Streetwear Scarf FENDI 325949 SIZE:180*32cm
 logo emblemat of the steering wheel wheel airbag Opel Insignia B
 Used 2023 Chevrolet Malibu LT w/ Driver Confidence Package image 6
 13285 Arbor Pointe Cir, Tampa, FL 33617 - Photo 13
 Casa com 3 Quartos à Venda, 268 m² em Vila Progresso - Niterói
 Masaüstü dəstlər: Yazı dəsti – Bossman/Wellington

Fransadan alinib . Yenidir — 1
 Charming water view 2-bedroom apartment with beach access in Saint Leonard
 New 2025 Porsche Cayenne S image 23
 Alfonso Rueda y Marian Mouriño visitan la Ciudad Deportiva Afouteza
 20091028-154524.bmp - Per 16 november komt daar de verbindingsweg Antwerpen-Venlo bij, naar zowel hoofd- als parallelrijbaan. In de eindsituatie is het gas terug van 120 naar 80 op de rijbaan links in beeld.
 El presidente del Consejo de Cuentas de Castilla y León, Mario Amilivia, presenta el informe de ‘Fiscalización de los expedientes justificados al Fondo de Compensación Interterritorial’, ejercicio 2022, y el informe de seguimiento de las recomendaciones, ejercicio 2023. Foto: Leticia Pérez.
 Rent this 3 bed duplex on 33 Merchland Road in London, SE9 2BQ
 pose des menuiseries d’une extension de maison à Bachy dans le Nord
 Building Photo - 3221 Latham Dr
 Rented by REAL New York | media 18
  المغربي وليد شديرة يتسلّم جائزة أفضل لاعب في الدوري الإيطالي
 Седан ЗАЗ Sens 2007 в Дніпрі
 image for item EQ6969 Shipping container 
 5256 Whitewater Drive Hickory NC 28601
------------
◆ **Assignment**: Starting at the line that has "Masaüstü dəstlər: Yazı" and ending at the line that has "20091028-154524.bmp - Per", please write out the lines above exactly, leaving out all others.

◆ **Task solution**:
 Masaüstü dəstlər: Yazı dəsti – Bossman/Wellington

Fransadan alinib . Yenidir — 1
 Charming water view 2-bedroom apartment with beach access in Saint Leonard
 New 2025 Porsche Cayenne S image 23
 Alfonso Rueda y Marian Mouriño visitan la Ciudad Deportiva Afouteza
 20091028-154524.bmp - Per 16 november komt daar de verbindingsweg Antwerpen-Venlo bij, naar zowel hoofd- als parallelrijbaan. In de eindsituatie is het gas terug van 120 naar 80 op de rijbaan links in beeld.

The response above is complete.